遺言書は「作れば安心」というわけではない(イメージ)

遺言書は「作れば安心」というわけではない(イメージ)

 のちのち相続で揉めないためには、遺言書を作成するのが最善策。ところが、せっかく遺言書をつくっても、内容によってはむしろ揉めごとの火種になったり、まったく役に立たないことさえ少なくない。

 千葉県在住の森脇美智子さん(68才・仮名)は、母親が残した“遺言書トラブル”の真っ只中にいる。

「母の遺言書には“遺産は兄妹ふたりで仲よく公平に分けなさい”としか書いてありませんでした。“仲よく公平に”と言われても、遺産は預貯金だけでなく、家や土地もあって、何をどう分けるのが“公平”なのかわかりません。“家と土地を売ったお金を半分ずつ”なのか“家は兄、土地は私”が公平なのか“預貯金は兄、家と土地は私”が公平ということになるのか……。

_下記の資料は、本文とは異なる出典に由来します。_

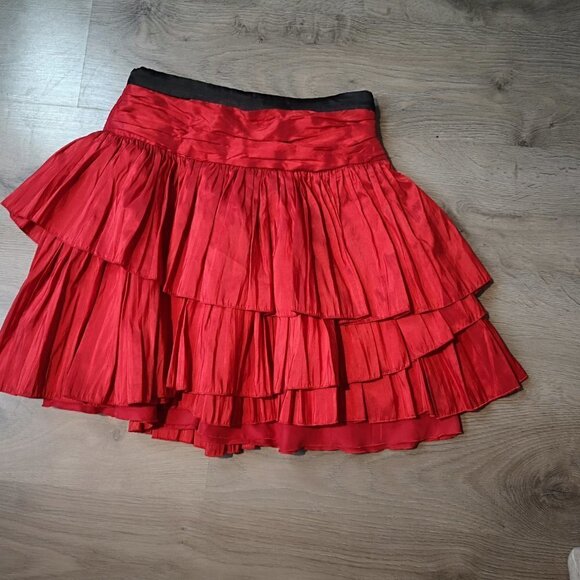 Women's Vintage Upcycled Taffeta RED Pleated Multi-tiered Mini Skirt - Picture 8 of 16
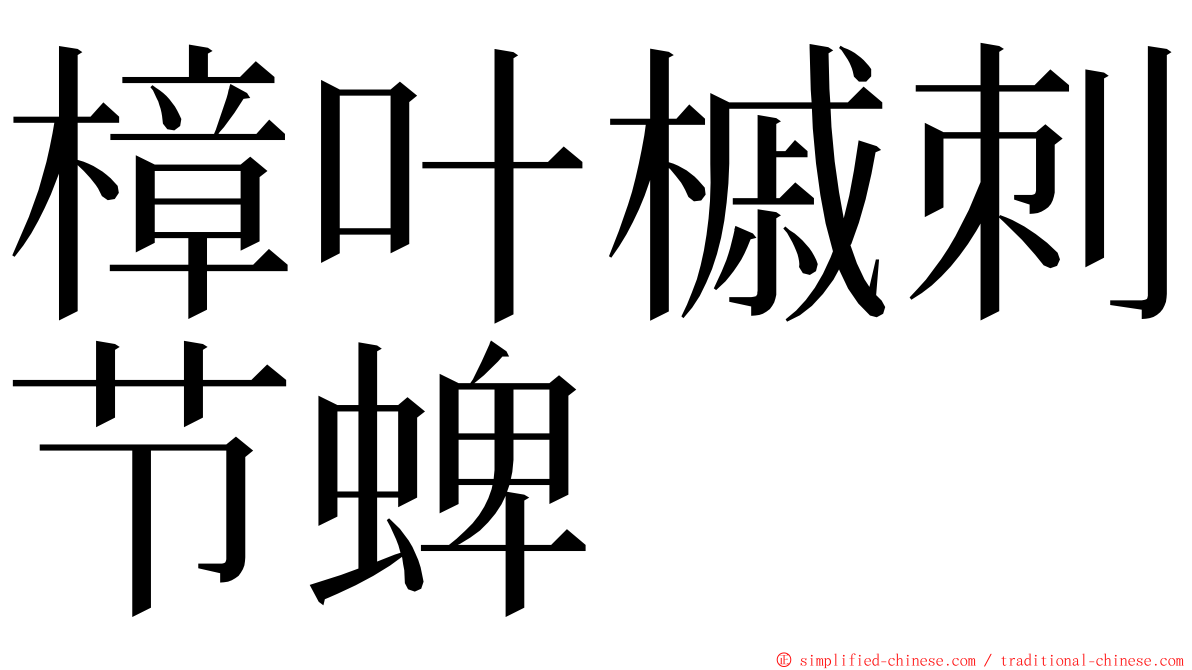 樟叶槭刺节蜱 ming font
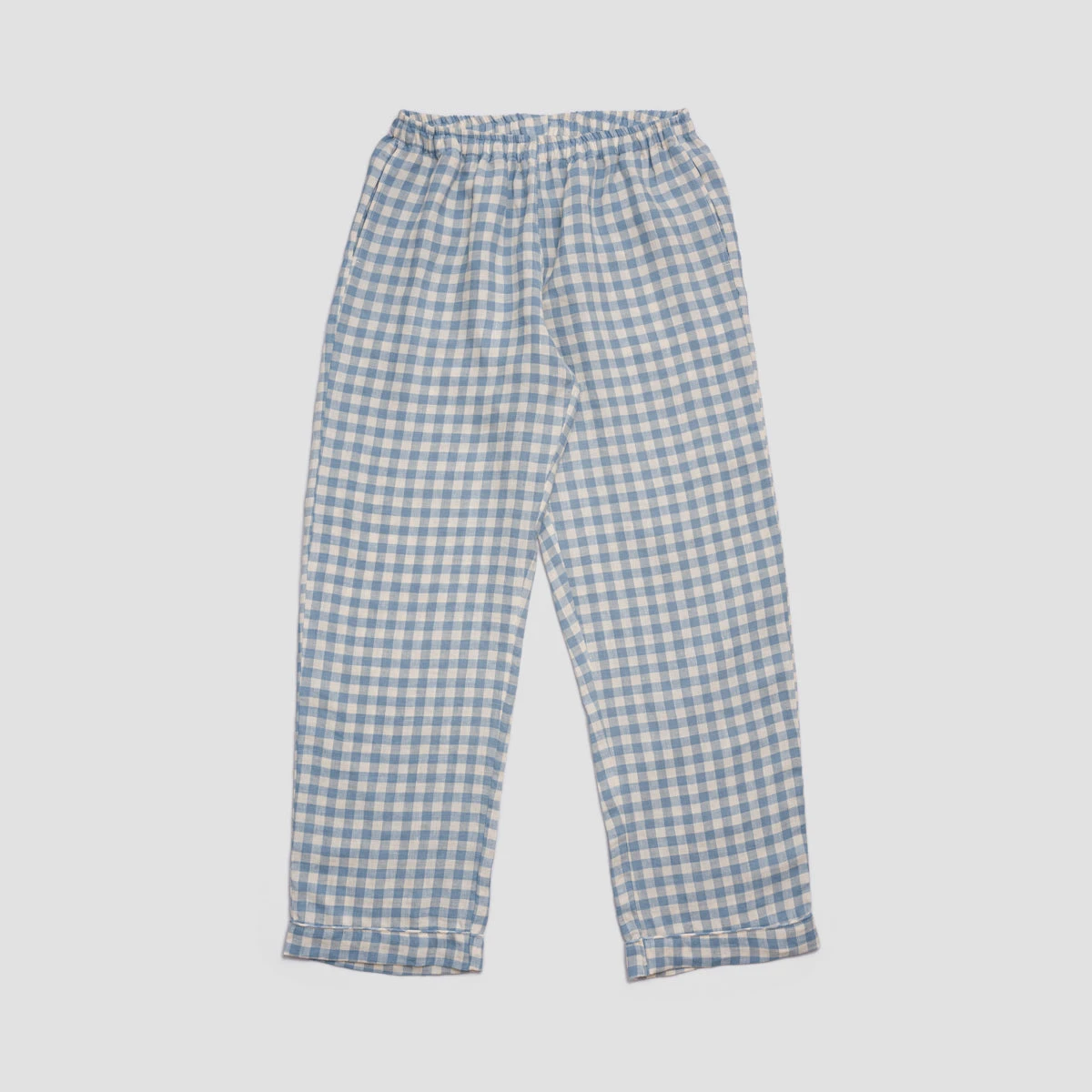 Men's Warm Blue Gingham Linen Pyjama Trouser Set 8 Men's Warm Blue Gingham Linen Pyjama Trouser Set - Image 6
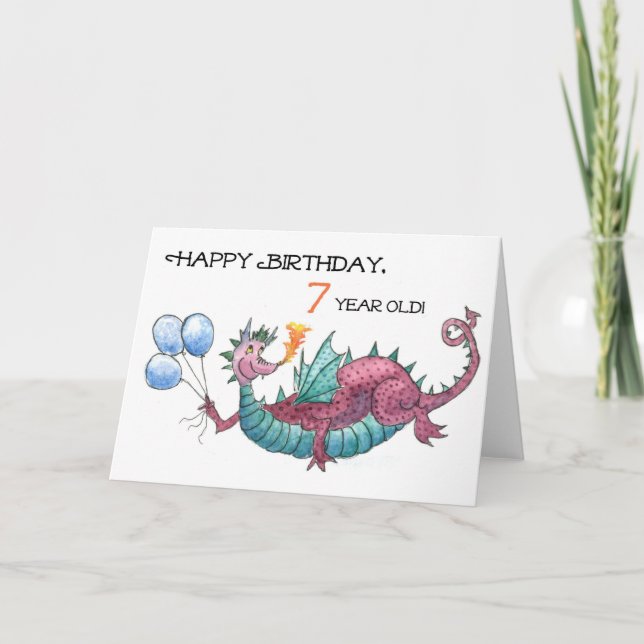 Carte d'anniversaire Dragon 7e (Devant)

 付言事項も書いてありましたが、そこにも“兄妹で仲よく”といった内容しかなく、母は私たちにどうしてほしかったのか、遺志がわからないのです」

 遺言書だけではどうしたらいいのかわからず、森脇さんは専門家に分割協議を依頼したが、いま、新たな混乱を招きそうな事態に陥っているという。森脇さんの兄に、認知症の疑いが出てきたのだ。

「10才年上の兄は、以前より判断能力が失われてきているのです。これでもし、兄に認知症の診断が下りたら、兄に成年後見人をつけないと遺産分割協議ができなくなると聞いて、焦っています」

 認知症を発症した後では、任意後見契約を締結することができず、家庭裁判所が選任する法定後見人をつけなければならない。

 法定後見人は被後見人(この場合は、森脇さんの兄)の財産を守るように働きかけるため、定められた「法定相続分」を主張するのは間違いない。

 実は森脇さんは長年、亡くなった母の介護を担ってきた。母の遺言書にある「公平に」が、法定相続分である「2分の1ずつ」なのか、介護をしてきた森脇さんの貢献を考えた上での「公平」という意味なのかもわからないのだ。

 兄が認知症でなければ話し合いのもと「公平」に分けることもできるが、兄の成年後見人は「2分の1ずつ」を主張する可能性が高い。こうなるともはや、森脇さんの母への貢献を考慮した「公平」をすんなり実現することは難しいだろう。

 自分も家族も後悔しない相続をするためには、事前の準備が不可欠なのだ。